Oireachtas Joint and Select Committees
Wednesday, 13 June 2018
Committee on Budgetary Oversight
Fiscal Assessment Report June 2018: Irish Fiscal Advisory Council
2:00 pm
Mr. Seamus Coffey:
The research and development tax credit is a large tax expenditure. The annual cost now is approaching €1 billion so clearly it is something worthy of consideration again. As Mr. Tutty said, we do not focus on individual measures but something which has a tax cost of €1 billion is worthy of consideration by various bodies. If we look at the broader environment, research and development is a cost. Companies will be looking at the benefit they get from incurring that cost and that will be a reduction in their tax bill. In Ireland, it will reduce the tax bill by 12.5% or whatever cost they incur. In the United States, until recently, it would have reduced their tax bill by 35% of whatever cost they would incur because of the tax rate that applied in the US at that time. That is the environment in which our research and development tax credit was established, given the nature of the companies here and trying to attract activity that might take place in other countries. Given the change in the US tax rates, it might be worthy of analysis to see whether the research and development ax credit itself should be subject to changes. However, given the size of it, it is worthy of scrutiny.
On the proposals made, I agree with Mr. Tutty that that is not within our mandate.

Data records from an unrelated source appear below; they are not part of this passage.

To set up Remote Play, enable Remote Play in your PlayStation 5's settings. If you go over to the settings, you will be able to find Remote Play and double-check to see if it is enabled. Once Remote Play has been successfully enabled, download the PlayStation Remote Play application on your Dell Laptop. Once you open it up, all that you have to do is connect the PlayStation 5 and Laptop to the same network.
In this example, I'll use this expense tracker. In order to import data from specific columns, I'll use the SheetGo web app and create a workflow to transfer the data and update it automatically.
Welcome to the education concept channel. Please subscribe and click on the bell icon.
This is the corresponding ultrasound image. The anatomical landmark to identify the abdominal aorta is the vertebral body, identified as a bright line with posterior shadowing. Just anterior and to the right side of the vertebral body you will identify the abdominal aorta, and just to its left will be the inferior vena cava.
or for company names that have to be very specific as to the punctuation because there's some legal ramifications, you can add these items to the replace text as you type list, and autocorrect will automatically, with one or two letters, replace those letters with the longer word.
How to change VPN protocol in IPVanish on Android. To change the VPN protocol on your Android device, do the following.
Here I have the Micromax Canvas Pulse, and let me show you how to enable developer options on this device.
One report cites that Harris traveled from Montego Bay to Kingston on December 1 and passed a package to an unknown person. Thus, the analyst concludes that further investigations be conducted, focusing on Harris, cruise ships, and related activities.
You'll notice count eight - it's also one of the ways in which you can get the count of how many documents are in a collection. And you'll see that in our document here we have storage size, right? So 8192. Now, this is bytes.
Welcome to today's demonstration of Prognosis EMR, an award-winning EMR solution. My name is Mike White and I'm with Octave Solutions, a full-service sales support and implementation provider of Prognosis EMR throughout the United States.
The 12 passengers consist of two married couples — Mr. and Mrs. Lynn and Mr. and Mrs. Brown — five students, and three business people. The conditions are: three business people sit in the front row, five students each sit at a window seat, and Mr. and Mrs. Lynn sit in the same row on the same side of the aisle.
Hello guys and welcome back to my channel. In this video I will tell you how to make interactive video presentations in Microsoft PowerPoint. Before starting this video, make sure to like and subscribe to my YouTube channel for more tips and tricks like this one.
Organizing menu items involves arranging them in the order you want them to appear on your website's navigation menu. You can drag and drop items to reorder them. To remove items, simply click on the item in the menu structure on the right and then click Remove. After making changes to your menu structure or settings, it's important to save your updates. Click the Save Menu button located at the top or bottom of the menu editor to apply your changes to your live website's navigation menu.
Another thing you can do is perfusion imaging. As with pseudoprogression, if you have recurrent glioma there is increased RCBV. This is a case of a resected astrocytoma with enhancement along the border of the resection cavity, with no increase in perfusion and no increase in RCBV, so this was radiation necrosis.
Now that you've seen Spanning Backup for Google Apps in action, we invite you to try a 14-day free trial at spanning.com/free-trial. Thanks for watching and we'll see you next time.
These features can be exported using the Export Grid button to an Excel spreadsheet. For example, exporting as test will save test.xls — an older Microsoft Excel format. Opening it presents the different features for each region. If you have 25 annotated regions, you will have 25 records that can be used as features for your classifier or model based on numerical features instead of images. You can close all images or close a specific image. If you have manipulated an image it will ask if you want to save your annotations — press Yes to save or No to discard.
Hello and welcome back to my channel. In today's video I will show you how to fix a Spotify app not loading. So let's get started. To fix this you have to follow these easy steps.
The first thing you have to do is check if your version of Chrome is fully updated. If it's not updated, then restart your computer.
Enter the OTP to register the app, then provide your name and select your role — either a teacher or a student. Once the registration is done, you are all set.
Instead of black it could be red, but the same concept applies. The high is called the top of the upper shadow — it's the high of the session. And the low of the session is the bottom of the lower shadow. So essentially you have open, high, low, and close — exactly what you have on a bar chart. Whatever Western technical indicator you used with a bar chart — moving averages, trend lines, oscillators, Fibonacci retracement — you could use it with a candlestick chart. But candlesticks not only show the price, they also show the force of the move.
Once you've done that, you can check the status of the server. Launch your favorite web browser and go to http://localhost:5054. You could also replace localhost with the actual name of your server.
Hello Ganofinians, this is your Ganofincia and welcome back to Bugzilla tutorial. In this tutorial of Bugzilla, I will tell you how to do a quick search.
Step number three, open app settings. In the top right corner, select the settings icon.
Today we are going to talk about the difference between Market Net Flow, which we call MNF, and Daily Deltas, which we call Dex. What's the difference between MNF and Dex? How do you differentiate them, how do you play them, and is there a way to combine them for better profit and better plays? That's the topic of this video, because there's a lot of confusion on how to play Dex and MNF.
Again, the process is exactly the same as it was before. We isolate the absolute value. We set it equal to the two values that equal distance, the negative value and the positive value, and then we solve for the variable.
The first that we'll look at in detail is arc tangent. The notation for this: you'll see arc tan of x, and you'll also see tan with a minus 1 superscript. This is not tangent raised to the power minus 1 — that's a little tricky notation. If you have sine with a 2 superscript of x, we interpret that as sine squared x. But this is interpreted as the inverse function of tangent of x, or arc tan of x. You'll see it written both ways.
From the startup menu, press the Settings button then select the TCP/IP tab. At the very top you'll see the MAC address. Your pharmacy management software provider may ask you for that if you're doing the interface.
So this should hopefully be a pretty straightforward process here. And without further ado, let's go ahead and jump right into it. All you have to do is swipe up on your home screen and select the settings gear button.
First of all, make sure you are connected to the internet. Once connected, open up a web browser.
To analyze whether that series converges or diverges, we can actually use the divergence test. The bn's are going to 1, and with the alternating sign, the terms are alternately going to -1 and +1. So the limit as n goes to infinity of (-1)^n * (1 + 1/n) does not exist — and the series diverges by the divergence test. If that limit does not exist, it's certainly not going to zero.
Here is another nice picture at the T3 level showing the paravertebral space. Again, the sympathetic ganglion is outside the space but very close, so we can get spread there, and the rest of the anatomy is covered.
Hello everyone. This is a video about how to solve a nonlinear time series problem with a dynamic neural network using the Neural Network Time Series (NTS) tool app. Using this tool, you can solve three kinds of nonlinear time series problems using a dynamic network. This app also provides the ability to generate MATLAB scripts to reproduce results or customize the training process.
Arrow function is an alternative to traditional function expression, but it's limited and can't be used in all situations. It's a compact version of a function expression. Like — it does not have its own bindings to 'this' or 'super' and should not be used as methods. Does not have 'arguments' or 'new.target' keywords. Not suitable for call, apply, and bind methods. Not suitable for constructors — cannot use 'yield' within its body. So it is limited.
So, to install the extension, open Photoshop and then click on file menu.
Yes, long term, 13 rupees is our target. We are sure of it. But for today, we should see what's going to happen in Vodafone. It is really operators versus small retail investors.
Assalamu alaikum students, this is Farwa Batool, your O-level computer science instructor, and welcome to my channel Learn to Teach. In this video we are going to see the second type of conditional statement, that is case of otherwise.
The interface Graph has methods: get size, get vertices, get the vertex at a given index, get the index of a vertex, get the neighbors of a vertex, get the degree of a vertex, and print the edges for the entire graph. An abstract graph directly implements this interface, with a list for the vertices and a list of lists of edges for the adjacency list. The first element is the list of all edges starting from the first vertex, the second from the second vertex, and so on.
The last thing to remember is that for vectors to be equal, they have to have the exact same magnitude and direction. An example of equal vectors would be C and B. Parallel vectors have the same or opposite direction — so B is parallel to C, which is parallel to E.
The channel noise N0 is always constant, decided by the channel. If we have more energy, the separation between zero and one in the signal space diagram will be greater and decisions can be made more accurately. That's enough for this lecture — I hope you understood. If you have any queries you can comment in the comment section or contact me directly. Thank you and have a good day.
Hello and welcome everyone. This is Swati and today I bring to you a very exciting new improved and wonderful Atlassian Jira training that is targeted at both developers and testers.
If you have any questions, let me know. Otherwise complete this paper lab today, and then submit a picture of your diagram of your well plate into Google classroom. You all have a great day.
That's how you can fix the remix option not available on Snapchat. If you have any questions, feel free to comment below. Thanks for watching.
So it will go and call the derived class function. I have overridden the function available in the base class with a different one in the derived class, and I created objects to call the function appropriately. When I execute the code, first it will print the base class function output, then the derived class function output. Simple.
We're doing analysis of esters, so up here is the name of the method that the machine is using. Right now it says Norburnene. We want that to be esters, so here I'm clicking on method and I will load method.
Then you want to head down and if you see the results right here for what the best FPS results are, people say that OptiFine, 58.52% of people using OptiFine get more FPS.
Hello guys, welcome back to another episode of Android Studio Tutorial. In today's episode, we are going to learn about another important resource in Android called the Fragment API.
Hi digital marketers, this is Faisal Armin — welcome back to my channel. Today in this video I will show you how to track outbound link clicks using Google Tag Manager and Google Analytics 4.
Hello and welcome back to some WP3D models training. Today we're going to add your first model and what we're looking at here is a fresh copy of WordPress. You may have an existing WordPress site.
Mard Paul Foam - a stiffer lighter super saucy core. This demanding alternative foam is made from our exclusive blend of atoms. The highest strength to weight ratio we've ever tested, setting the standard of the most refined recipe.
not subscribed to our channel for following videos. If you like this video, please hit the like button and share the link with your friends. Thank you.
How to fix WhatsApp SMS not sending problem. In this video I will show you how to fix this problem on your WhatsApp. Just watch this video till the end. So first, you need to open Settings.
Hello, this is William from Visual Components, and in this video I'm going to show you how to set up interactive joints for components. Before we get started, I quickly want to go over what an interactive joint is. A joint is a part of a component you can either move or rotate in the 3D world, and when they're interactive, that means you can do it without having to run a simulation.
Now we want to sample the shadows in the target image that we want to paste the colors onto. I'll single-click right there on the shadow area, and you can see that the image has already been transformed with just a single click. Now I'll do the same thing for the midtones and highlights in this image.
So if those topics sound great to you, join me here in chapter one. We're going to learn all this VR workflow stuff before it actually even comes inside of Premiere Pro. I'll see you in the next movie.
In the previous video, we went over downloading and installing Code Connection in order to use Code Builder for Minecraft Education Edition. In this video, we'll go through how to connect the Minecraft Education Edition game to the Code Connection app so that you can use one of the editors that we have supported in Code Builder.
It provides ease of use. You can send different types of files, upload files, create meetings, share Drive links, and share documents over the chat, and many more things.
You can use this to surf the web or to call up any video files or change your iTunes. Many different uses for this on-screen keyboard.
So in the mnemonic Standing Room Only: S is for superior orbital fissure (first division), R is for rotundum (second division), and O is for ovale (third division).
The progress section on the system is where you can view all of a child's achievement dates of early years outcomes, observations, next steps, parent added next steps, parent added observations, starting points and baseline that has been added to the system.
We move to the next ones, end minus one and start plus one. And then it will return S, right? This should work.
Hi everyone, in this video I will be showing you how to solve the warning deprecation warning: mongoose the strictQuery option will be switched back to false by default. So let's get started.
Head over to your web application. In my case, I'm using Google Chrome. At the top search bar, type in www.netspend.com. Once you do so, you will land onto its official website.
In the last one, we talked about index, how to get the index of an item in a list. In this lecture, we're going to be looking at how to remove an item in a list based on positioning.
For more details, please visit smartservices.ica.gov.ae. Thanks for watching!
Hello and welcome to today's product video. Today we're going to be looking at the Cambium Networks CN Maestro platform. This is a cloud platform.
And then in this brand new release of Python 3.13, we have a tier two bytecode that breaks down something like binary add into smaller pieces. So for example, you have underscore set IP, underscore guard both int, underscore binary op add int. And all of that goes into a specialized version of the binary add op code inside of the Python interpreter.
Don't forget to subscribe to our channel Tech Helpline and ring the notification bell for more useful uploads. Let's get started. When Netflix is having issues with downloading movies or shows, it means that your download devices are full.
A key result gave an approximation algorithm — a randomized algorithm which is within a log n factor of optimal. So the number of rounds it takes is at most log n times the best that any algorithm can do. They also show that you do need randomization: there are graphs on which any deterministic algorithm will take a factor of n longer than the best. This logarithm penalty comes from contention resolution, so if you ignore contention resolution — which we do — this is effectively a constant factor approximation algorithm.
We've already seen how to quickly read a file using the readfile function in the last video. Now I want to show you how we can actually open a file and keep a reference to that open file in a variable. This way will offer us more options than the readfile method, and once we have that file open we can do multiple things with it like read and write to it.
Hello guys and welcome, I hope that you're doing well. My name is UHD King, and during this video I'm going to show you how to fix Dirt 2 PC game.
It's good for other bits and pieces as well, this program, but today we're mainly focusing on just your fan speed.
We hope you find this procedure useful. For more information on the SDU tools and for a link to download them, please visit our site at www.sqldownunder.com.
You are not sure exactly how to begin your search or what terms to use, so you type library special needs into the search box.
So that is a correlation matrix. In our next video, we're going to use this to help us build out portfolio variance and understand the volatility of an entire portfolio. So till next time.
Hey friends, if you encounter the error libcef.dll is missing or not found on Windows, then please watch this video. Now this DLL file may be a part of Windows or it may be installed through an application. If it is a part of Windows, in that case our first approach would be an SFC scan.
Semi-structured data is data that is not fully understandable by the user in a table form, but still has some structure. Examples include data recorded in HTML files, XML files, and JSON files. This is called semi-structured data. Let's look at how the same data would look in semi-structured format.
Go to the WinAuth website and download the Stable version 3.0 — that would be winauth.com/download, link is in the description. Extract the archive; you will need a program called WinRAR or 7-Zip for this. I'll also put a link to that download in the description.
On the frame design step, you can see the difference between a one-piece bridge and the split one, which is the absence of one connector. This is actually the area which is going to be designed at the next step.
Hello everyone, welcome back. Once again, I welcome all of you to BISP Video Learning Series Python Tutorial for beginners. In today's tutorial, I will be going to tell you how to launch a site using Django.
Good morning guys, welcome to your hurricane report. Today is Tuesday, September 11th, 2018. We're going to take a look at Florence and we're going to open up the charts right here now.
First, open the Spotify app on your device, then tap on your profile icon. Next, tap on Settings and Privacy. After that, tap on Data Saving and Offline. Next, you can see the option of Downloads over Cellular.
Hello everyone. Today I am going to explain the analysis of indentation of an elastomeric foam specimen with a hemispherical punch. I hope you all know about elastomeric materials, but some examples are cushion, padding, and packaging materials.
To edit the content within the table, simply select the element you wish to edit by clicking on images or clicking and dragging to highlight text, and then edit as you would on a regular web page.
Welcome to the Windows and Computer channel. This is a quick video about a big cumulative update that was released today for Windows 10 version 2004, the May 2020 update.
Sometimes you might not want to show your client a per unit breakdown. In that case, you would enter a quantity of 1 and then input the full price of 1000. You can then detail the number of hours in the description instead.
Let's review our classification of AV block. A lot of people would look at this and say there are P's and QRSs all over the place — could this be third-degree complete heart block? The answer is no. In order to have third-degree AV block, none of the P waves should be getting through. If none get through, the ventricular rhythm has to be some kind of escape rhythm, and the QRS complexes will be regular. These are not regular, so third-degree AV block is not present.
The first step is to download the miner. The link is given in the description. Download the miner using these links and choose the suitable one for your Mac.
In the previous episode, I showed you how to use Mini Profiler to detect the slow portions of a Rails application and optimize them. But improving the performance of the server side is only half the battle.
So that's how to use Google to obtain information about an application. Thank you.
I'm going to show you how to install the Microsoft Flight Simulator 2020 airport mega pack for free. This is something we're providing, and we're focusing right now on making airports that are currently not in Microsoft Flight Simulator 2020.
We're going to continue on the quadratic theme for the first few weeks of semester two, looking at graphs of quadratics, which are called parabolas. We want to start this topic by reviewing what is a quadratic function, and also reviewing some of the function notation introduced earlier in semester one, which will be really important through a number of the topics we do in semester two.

However, there are newly established institutions within the Oireachtas itself that can look at some of these proposals. Perhaps they could move towards costing them and providing the aggregated figures the Deputy has looked for in which the proposals of various parties would be put together. On the Deputy's point on the degree to which Governments listen, I would add that our audience is broader than the Minister, for whom we write the formal report to which he, in turn, writes a response. We engage with the committee to express our views and, equally, the audience is the general public. The reason a fiscal account would be set up is to have that independent analysis and to have an institution that builds up a reputation and offers a view to the public it might not otherwise hear. It might not necessarily just be about changing policy. It can be about getting clear views out there.